▸ YOUR ASSIGNMENT:
Would you print the lines below exactly, beginning at the line that has "28 Cherry Blossom" and stopping after the line that has "Anello, Argento 925"? Only those lines, and no pictures.

▸ DATA SHOWN:
BEGIN
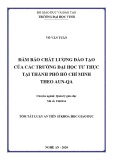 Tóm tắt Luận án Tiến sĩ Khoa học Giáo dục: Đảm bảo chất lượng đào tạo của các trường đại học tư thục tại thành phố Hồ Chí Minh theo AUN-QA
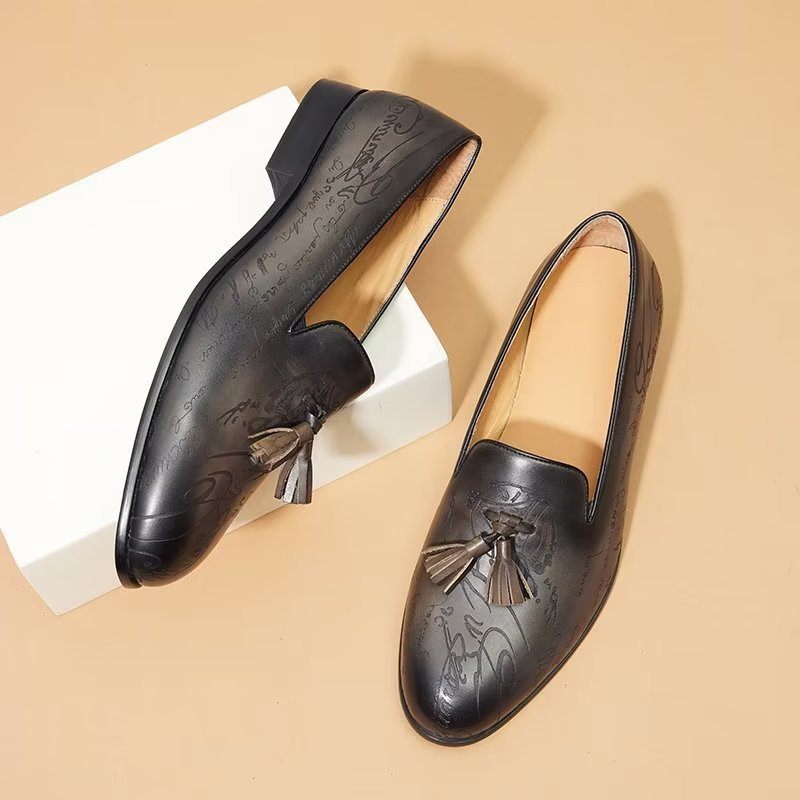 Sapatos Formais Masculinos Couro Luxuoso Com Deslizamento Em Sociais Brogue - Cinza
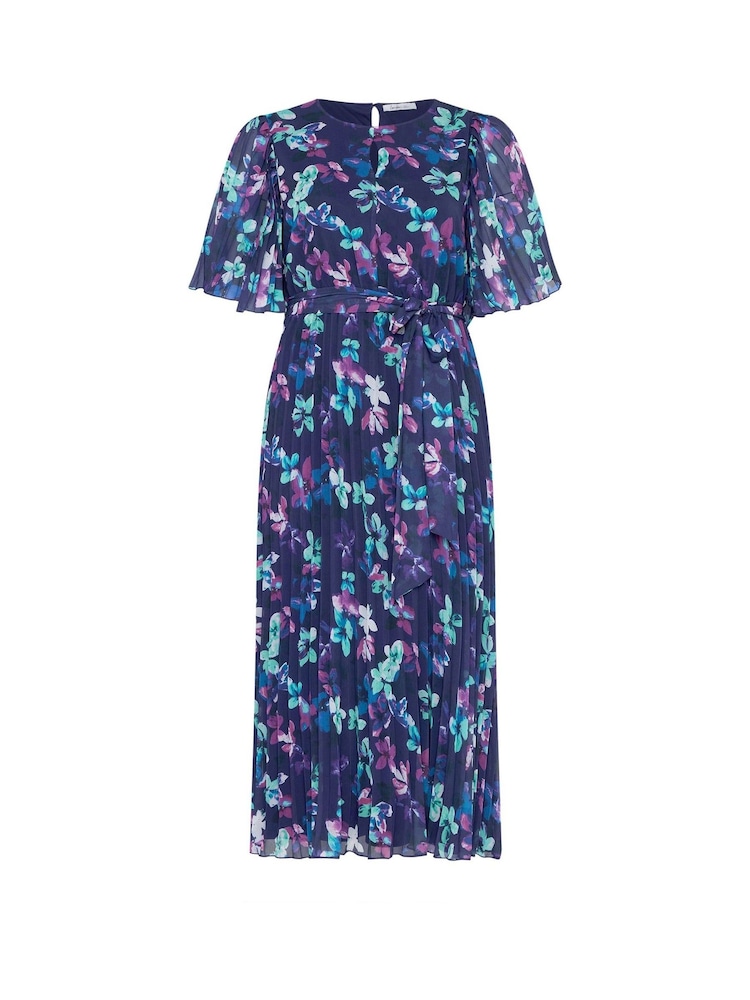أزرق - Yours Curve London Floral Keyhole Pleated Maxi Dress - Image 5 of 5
END
BEGIN
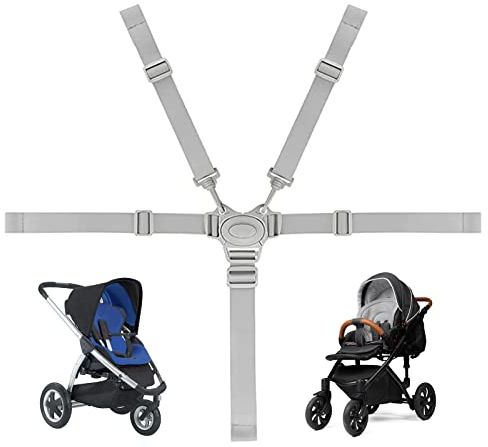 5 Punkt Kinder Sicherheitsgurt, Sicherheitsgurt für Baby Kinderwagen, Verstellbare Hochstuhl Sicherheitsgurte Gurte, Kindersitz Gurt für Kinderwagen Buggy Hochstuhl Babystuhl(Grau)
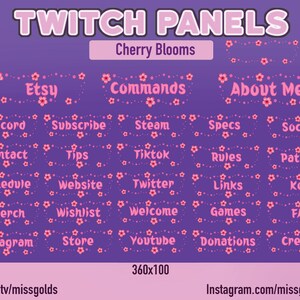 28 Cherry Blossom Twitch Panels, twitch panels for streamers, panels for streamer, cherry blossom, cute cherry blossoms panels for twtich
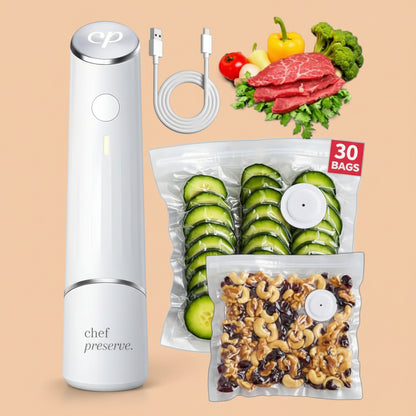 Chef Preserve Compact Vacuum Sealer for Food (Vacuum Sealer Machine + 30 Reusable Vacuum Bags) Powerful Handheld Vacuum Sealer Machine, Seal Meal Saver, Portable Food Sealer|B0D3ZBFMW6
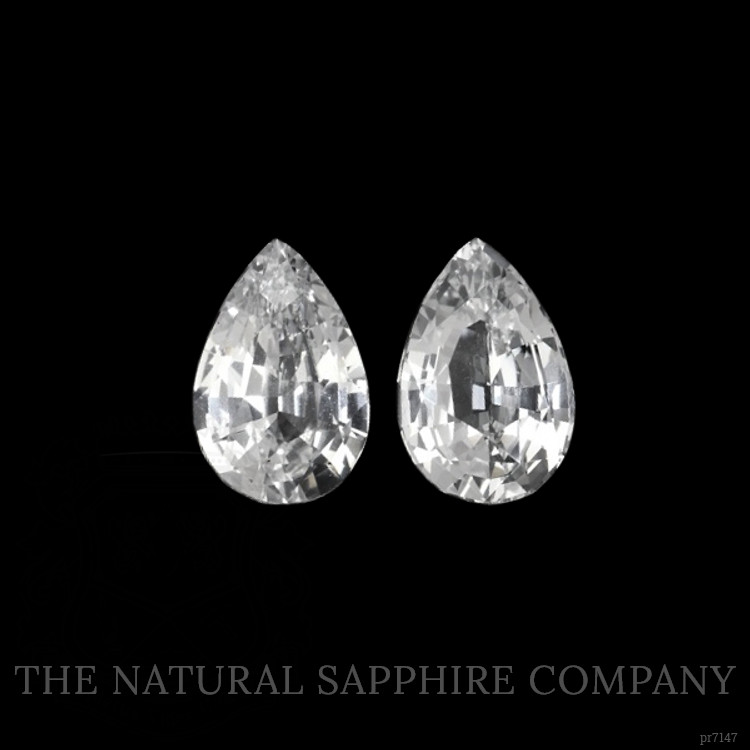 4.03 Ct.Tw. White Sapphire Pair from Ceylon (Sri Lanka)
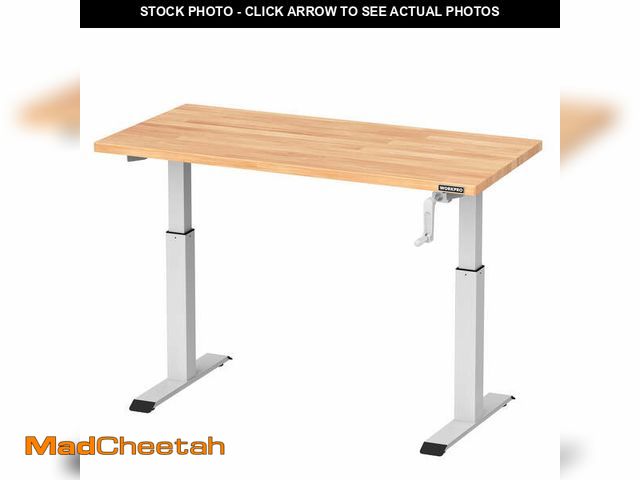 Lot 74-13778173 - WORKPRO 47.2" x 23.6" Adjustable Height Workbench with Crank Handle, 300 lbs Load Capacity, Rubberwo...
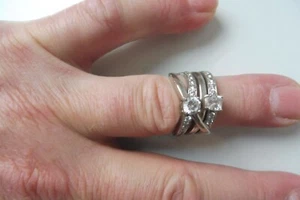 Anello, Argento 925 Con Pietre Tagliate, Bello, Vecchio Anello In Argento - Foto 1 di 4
END
▸ THE COMPLETED TASK:
 28 Cherry Blossom Twitch Panels, twitch panels for streamers, panels for streamer, cherry blossom, cute cherry blossoms panels for twtich
 Chef Preserve Compact Vacuum Sealer for Food (Vacuum Sealer Machine + 30 Reusable Vacuum Bags) Powerful Handheld Vacuum Sealer Machine, Seal Meal Saver, Portable Food Sealer|B0D3ZBFMW6
 4.03 Ct.Tw. White Sapphire Pair from Ceylon (Sri Lanka)
 Lot 74-13778173 - WORKPRO 47.2" x 23.6" Adjustable Height Workbench with Crank Handle, 300 lbs Load Capacity, Rubberwo...
 Anello, Argento 925 Con Pietre Tagliate, Bello, Vecchio Anello In Argento - Foto 1 di 4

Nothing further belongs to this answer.